Mattituck grads can now have their name on a brick at the HS

TIM KELLY FILE PHOTO | New bricks with the names of Mattituck alumni will help raise funds for athletic programs at the high school.

To raise money for the athletic department and build a courtyard for students to relax during lunchtime and at soccer games, the Mattituck sports boosters club is selling the right to place alumni names on 4,500 bricks at the high school this year.

The Mattituck High School alumni brick garden, as it will be called, will be outside the boosters’ “snack shack,” a trailer on the west side of the school outside the gym where food and drink are sold during soccer games.

“Half of it will be a brick patio and half will be blacktop with four or five round steel plastic-coated picnic tables,” said booster club president Joseph Doorhy. He’s having a landscape designer draft a plan for the project. “The tables will provide seating for spectators and we’re hoping that some of the kids will remain on campus for lunch time and utilize those tables for lunch.”

Mattituck High grads and grads-to-be will be eligible to have their names put on bricks, and the courtyard can be expanded in the future as more students pass through the school.

The booster club plans to spend this year selling the naming rights. Bricks of four inches-by-eight inches sell for $100 and eight-by-eight inch bricks are $175.

Brick order forms can be picked up at Mattituck High School and at Cutchogue East Elementary School, and will soon be available on the school’s website at mufsd.com.

Mr. Doorhy said that for an additional $25 people who buy bricks can add a symbol representing the sport they played at Mattituck. Contractors who donate to the project will receive an eight by eight inch brick with their name on it.

The booster club plans to use the money raised to fund the school’s athletic program. This year the group plans to renovate the trophy case in the gym lobby and replace the felt banners hanging in the gymnasium with new vinyl banners. The group also recently purchased more weight room equipment and is putting TV monitors throughout the school to display game schedules.

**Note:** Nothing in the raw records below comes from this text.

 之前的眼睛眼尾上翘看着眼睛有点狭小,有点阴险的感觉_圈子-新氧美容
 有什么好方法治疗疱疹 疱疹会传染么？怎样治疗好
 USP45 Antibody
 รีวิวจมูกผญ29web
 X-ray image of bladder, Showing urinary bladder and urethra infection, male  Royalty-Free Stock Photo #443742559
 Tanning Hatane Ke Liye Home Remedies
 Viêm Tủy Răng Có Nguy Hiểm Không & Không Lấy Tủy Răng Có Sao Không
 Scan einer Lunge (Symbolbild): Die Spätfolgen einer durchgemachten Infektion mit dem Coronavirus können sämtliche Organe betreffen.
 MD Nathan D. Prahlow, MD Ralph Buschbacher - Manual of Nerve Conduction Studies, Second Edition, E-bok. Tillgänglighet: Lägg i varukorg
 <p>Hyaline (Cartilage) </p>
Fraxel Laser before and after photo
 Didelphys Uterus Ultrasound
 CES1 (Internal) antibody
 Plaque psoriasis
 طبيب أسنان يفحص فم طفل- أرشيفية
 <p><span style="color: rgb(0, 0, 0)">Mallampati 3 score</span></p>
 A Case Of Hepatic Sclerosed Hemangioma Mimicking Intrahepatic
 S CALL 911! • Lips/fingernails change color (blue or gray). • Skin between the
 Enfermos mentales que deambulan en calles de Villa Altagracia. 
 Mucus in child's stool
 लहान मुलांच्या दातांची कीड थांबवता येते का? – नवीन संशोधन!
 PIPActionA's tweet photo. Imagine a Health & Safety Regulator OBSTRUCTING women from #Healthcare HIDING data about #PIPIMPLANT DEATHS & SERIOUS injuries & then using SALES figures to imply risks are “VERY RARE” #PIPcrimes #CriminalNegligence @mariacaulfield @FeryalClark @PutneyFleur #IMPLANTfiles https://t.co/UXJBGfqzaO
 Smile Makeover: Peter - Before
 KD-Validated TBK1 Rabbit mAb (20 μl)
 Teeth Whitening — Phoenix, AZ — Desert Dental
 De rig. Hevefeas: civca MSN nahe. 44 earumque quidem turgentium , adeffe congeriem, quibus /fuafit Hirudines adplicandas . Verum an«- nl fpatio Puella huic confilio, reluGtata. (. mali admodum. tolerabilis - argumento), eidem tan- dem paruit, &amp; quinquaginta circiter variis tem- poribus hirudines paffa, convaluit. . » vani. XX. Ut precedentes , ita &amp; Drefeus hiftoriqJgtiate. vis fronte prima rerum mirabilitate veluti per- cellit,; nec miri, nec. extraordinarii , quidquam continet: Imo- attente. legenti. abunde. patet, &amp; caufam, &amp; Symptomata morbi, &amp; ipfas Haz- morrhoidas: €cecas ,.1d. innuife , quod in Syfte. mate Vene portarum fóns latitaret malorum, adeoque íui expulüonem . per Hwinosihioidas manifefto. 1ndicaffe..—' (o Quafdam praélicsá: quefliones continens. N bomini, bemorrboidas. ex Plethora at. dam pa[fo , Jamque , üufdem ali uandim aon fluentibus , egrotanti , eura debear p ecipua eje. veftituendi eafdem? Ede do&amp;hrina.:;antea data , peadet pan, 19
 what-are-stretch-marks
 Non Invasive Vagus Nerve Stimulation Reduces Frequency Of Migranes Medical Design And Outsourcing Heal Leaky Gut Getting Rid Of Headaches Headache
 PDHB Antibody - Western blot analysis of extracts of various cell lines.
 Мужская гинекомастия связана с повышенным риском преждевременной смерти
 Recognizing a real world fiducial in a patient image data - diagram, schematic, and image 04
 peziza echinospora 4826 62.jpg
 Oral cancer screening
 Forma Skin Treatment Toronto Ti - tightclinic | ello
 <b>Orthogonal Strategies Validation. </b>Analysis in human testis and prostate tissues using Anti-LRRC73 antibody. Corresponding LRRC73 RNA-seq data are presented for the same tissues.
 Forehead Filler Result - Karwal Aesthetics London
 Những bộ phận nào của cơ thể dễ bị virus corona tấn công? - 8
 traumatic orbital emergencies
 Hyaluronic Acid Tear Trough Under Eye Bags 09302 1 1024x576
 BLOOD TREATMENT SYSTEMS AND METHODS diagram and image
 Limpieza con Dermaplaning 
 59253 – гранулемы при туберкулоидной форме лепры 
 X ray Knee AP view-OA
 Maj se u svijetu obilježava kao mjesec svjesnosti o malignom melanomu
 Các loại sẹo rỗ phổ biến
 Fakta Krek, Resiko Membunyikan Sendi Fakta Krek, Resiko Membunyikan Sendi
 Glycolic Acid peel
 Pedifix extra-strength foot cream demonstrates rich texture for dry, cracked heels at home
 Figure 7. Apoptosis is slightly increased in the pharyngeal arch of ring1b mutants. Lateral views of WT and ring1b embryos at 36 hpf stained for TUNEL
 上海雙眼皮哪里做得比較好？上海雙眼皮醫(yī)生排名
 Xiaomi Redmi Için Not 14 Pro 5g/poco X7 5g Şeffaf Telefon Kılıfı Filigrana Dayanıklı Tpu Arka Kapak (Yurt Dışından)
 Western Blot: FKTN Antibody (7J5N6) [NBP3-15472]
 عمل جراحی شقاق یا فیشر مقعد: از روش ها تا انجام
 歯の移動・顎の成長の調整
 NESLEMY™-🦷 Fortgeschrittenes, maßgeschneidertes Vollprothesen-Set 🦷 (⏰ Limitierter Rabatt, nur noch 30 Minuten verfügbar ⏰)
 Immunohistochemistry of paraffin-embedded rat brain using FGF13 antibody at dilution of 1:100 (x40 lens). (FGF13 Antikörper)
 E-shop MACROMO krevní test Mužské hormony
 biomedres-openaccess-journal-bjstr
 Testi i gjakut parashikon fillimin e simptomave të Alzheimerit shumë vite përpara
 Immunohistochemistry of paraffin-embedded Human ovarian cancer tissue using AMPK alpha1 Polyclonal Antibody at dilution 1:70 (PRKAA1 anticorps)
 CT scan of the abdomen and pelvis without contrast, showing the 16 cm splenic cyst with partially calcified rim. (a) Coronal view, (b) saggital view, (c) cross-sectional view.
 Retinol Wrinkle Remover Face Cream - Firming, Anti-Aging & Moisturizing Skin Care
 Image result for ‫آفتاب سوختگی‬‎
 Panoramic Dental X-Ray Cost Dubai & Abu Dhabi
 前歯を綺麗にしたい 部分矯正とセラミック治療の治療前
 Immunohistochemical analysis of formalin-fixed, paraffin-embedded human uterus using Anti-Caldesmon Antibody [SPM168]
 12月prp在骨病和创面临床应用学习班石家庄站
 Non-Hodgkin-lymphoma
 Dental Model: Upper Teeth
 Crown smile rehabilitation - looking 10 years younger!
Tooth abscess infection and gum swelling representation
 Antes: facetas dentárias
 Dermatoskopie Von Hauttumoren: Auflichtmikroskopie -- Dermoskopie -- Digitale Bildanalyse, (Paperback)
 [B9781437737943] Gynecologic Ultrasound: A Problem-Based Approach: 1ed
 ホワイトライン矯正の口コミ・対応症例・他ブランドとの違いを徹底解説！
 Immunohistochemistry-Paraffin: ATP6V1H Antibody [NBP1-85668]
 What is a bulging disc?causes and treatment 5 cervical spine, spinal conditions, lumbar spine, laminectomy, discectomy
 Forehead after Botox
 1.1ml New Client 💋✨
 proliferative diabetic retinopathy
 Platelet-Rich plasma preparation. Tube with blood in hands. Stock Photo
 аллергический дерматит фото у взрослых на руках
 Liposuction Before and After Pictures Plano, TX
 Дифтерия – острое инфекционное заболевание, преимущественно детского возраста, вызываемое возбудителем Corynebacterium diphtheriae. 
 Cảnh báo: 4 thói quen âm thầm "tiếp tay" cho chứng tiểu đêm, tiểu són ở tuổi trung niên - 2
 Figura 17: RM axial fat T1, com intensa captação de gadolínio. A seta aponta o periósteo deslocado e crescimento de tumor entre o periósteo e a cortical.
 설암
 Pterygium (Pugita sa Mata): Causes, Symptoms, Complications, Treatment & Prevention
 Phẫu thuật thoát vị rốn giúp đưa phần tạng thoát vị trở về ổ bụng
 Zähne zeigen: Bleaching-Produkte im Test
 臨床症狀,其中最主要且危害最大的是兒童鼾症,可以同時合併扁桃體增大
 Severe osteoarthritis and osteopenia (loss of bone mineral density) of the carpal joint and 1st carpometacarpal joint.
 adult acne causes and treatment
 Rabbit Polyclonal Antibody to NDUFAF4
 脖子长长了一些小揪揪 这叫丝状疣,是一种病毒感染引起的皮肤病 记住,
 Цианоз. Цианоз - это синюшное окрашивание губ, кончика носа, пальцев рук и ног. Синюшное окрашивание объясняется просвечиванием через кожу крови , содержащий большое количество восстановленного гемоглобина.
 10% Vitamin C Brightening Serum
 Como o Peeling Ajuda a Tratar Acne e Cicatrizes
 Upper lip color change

The booster club has more than 80 volunteers who distribute healthy snacks to athletes after school, fill the vending machines in the school lobby and volunteer at the snack shack.

“What makes the booster club so successful is we have a very young, energetic athletic director. He’s all there for the kids,” Mr. Doorhy said of Gregg Wormuth, the school’s athletic director for the past two years. “Any time the booster club does stuff, he’s right there helping us make it easier and better.”